# H24-500, H24-100 Connected Home Help



## cchilb (Jun 28, 2005)

Hi, 
We just have the H24-500 and the H24-100 installed on Tuesday, on Wednesday night we learned that the whole-home DVR service is not working . we bought directv whole-home DVR service

I have been working for a few hours on this problem which we cannot get the H24-500 to Internet to work.. Needless to say, I don't' know much about networking or the H24-500. 

on the TV screen typed in the IP address, subnet mask, default gateway and the DNS number that was found by going into "cmd" on the computer and tying in "ipconfig/all" and using the IP address, subnet mask, default gateway and the DNS number. 
once it runs, this check I get 
Ip Address Ok
Subnet Mask OK 
Default Gateway OK
DNS Ok 
Network Connected
Internet Not connected to the Internet (22)

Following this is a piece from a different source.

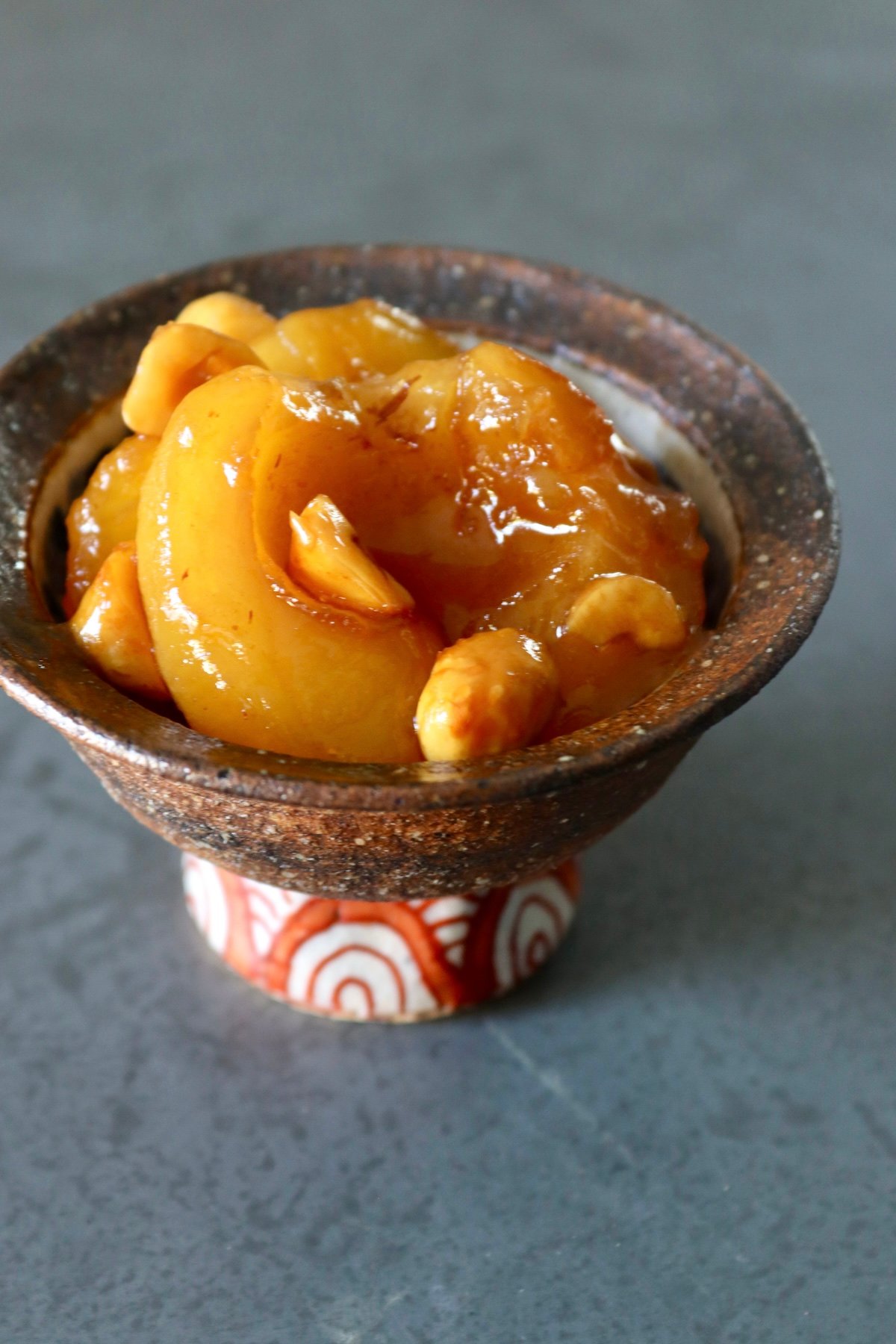 Small brown ceramic bowl with orange-patterned stem, filled with baked caramel apples and hazelnuts.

WE have DSL ATT using a 2-wire 2701HG-B 
I thought it could be the 2wire firewall, and from answer #151 on 2wire's support, and added a defined application.. naming it " directv" and for ports I found a page on this forum "configuring a router for Directv's apps."that directv uses ports 27161 to 27192 
I still get error 22.. 
called DirecTv twice, one said that I would need a DECA , when I called back, I was then told I would not need it. since the H24 has a DECA built in.

Can anyone help me get this up and running.. 
PS. If I get the H24-500 going, will I need to do the same for the H24-100 does it also need a cat5 cable as well and do we have to set up all this stuff all over again, or will the H24-100 just see the network after we get the H24-500 set up correctly?


----------



## The Merg (Jun 24, 2007)

I assume you mean an HR24-500 and not H24-500 as you need a DVR in your configuration.

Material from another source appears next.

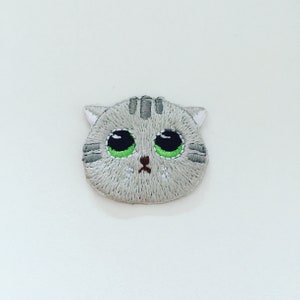 May include: Embroidered grey cat patch with green eyes and a brown nose. The cat has a sad expression.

You should not need to manually enter in the network information as your router should do all that for you. It seems like your receiver network is not hooked up to your local network. Even with the HR24 and H24, in order to have a complete Whole Home setup you need one DECA - to connect the receivers to the Internet. One of your coax cables should be split and a DECA attached. An ethernet cable is connected from the DECA to your router.

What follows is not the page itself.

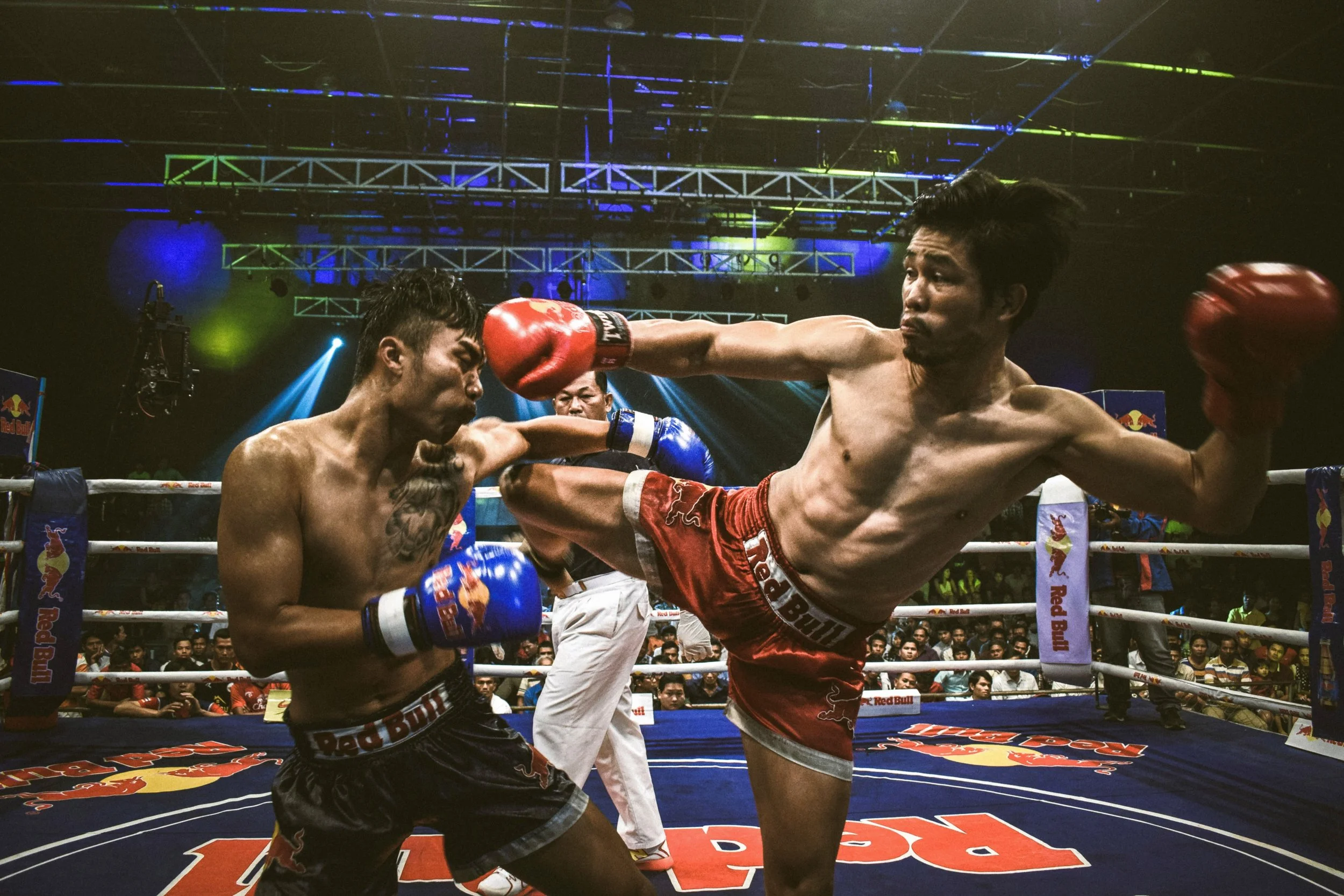 Two shirtless male Muay Thai fighters engaged in a fight in a ring with an audience watching. One fighter is throwing a kick while the other is defending with gloves.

If that wasn't done contact DirecTV and let them know about it.

- Merg


----------



## jpitlick (Apr 19, 2007)

How did DirecTV connect your receivers to your DSL? Did they do it the correct way by using a DECA and power supply connected to your SWM switch and router? Or did they do it the wrong way by connecting an ethernet cable between your HR24 and your router? The wrong way does not work.


----------



## cchilb (Jun 28, 2005)

They done it the wrong way. They are coming back out to put in the DECA.


----------